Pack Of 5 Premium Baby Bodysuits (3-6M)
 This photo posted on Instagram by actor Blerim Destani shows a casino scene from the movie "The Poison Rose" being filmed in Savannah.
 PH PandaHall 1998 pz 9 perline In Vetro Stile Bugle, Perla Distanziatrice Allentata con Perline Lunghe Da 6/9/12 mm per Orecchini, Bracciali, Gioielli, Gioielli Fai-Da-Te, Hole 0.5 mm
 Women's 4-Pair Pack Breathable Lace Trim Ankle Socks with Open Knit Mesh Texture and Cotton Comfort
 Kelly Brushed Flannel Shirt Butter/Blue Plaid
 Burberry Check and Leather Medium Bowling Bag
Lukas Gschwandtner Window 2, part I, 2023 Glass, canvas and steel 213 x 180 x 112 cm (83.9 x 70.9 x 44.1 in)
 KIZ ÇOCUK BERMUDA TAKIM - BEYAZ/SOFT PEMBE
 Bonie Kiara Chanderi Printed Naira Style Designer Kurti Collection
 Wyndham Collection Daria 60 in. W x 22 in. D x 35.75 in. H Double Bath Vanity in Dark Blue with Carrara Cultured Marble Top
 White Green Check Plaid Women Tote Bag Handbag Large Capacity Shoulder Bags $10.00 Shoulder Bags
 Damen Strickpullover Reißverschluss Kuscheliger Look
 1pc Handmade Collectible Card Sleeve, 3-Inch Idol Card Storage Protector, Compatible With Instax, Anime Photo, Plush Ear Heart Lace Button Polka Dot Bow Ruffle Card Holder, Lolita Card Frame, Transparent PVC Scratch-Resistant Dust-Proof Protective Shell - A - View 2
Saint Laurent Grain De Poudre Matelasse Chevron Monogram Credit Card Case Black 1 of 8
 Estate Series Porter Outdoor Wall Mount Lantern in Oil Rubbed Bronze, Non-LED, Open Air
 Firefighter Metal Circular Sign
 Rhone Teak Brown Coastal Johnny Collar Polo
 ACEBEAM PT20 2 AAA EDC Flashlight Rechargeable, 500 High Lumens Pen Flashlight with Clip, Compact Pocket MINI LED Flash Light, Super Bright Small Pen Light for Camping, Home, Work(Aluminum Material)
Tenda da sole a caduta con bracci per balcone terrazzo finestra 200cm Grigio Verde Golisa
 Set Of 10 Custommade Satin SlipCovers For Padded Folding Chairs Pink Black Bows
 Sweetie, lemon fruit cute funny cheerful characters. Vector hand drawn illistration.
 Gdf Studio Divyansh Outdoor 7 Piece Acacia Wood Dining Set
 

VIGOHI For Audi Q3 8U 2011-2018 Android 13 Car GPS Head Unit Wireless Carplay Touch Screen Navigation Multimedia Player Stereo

# [Exercise description]
Restate exactly each line of the data from the one bearing "Gdf Studio Divyansh" to the end, and add nothing.

# [Reply]
 Gdf Studio Divyansh Outdoor 7 Piece Acacia Wood Dining Set
 

VIGOHI For Audi Q3 8U 2011-2018 Android 13 Car GPS Head Unit Wireless Carplay Touch Screen Navigation Multimedia Player Stereo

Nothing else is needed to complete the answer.